Die Presse am Sonntag

DIE UNNAHBARE

- THOMAS PRIOR

Eine sonderlich volksnahe Kanzlerin war Angela Merkel nie. Auf die Stammtisch­meinung gab sie nicht viel. Und in die Niederunge­n des Wahlkampfs begibt sie sich bis heute äußerst ungern. Im Spätsommer 2016 schien die Kluft zwischen den Deutschen und ihrer Kanzlerin jedoch noch größer geworden zu sein. Bei jeder Gelegenhei­t rächten sich nun kritische Wähler für Merkels liberale Politik während der Flüchtling­skrise.
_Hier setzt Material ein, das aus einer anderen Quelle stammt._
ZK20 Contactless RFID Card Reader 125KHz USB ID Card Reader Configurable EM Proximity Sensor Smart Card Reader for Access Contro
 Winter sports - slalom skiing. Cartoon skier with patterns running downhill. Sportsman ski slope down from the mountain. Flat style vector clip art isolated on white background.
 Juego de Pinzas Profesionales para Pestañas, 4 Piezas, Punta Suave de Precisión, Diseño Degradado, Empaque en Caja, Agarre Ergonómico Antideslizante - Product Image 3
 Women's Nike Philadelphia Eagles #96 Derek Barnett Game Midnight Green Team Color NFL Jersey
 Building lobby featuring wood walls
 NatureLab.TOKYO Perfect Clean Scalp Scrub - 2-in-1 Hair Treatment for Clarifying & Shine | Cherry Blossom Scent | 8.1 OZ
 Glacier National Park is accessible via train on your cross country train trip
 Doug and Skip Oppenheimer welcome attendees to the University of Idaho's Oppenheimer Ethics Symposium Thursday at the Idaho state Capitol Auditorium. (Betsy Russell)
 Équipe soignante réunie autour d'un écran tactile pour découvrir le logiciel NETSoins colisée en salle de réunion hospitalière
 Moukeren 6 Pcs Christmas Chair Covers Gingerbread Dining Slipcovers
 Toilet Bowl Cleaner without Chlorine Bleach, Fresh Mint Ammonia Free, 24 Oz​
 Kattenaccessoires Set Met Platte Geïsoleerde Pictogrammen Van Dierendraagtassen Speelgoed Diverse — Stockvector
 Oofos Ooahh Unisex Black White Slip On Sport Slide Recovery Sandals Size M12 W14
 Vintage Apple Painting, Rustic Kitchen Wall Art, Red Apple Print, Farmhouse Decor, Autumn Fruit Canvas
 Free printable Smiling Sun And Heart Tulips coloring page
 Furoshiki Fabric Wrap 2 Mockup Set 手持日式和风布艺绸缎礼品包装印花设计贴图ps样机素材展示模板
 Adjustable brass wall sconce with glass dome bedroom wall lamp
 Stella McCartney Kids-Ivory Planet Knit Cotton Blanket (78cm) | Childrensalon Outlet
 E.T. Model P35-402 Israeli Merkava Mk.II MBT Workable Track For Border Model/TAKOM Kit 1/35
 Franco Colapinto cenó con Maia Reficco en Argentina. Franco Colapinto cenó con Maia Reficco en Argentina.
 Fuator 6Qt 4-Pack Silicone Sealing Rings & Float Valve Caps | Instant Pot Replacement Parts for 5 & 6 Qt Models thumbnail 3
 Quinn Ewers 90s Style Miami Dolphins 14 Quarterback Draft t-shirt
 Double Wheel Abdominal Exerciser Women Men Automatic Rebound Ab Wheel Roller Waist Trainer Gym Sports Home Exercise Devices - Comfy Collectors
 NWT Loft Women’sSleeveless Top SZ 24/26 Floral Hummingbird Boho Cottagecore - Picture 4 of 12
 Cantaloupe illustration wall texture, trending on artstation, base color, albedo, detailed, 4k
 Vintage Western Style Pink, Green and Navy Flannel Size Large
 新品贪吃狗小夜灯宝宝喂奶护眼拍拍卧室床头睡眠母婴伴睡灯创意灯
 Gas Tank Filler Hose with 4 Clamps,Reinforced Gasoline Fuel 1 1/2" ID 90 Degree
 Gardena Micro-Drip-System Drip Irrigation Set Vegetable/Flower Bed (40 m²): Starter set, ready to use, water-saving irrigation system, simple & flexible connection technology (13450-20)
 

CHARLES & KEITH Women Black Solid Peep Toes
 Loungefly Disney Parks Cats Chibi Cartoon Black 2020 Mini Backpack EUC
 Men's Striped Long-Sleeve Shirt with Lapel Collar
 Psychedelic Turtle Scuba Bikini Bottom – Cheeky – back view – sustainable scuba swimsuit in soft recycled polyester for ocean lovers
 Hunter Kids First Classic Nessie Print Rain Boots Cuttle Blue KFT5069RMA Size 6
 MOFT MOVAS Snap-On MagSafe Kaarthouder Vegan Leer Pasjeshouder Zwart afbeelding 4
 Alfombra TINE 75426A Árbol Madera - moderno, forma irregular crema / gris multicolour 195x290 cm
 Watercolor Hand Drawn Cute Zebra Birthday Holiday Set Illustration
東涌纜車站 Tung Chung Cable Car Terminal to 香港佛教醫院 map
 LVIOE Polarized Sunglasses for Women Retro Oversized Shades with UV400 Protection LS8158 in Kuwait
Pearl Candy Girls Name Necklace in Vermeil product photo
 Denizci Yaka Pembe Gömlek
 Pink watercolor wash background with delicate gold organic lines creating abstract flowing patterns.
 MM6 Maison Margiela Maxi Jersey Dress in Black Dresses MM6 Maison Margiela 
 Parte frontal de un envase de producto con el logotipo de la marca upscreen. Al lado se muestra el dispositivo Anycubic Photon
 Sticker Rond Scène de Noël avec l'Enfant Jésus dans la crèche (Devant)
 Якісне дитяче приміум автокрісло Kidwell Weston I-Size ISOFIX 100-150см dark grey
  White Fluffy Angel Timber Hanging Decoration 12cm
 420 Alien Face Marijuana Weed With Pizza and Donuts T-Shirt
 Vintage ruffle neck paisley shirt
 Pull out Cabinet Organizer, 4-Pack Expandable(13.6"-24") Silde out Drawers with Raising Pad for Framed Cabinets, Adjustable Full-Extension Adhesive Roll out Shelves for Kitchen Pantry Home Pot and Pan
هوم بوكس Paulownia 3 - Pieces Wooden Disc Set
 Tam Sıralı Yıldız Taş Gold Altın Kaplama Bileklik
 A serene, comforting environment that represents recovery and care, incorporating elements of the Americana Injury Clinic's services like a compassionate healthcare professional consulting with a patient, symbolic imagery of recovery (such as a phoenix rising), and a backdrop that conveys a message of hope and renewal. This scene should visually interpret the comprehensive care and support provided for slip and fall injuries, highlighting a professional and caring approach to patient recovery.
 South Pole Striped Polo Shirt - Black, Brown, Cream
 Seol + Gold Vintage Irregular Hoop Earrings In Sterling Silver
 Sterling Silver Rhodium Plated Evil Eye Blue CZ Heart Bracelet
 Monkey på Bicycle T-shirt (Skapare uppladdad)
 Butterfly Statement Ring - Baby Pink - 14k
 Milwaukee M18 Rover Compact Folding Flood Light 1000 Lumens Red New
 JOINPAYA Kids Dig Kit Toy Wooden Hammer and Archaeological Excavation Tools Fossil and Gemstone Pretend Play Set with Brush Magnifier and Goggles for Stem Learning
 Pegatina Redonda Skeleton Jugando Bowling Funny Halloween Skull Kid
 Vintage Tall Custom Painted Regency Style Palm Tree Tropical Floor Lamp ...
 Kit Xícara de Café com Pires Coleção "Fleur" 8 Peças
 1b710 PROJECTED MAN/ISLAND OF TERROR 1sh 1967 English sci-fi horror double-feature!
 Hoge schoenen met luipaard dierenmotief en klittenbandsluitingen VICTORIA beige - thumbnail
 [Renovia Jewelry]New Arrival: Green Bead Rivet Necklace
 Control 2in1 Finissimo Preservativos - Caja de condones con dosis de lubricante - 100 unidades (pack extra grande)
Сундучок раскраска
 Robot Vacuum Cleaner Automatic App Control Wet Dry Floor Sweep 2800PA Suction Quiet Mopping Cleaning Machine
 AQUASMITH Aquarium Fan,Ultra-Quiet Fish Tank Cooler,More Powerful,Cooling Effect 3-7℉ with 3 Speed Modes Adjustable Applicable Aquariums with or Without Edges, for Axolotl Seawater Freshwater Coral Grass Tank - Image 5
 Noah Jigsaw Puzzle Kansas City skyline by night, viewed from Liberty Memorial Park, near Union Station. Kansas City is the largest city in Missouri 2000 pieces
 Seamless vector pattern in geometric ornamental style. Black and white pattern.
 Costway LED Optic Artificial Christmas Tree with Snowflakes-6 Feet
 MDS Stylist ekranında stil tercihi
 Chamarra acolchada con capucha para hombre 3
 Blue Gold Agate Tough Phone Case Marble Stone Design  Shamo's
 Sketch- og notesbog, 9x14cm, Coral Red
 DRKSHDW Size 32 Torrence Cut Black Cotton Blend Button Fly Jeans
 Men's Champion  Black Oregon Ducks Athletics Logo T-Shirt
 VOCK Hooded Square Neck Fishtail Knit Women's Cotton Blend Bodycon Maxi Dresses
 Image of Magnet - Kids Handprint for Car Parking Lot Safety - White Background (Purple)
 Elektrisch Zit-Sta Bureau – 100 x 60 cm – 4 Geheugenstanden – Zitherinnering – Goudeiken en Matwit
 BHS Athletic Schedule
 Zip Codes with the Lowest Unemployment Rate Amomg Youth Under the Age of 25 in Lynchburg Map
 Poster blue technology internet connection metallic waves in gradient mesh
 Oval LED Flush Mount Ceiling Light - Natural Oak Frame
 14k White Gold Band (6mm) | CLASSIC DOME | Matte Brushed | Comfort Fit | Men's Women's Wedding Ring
Die AfD wurde immer stärker – und die Union immer nervöser.

Der CDU-Parteitag Anfang Dezember 2016 in Essen, eine für österreich­ische Verhältnis­se unvorstell­bar große Veranstalt­ung, stand für die Kanzlerin also unter keinen guten Vorzeichen. Am Vorabend gab es einen Empfang für Journalist­en. Angela Merkel saß an einer langen Tafel mit den Vertretern der wichtigste­n deutschen Medien, die an den Lippen der Kanzlerin hingen. Alle anderen wurden mit einer Kordel, die um den Tisch gespannt war, auf Abstand gehalten. Den österreich­ischen Bundeskanz­ler trifft man hin und wieder, man kann ihn in ein Gespräch verwickeln, manchmal bekommt man sogar ein Interview. Bei Angela Merkel ist das unmöglich. Näher als zehn Meter kommen ihr nur die wenigsten (Journalist­en).

Am nächsten Tag stimmten 89,5 Prozent der Delegierte­n für Angela Merkel. Es war ein Denkzettel, aber nur ein kleiner. Ihre Popularitä­t war, trotz allem, nach wie vor groß. Und die Union brauchte sie für die Bundestags­wahl im nächsten Jahr. Allerdings musste die Kanzlerin Zugeständn­isse machen: In der Asylpoliti­k wurden von nun an andere Töne angeschlag­en. Erst recht nach dem 19. Dezember, als ein islamistis­ch verblendet­er Flüchtling mit einem Lkw in einen Berliner Weihnachts­markt raste, zwölf Menschen tötete und Dutzende zum Teil schwer verletzte.

Im Jänner machte der ungeliebte Sigmar Gabriel den Weg in der SPD für Martin Schulz frei. Der langjährig­e Präsident des EU-Parlaments wurde mit 100 Prozent zum Parteichef und Kanzlerkan­didaten gewählt. In den Umfragen war bald ein Schulz-Effekt zu beobachten. Die Sozialdemo­kraten glaubten nun ernsthaft, Angela Merkel schlagen zu können. Näher sollten sie ihr nie mehr kommen.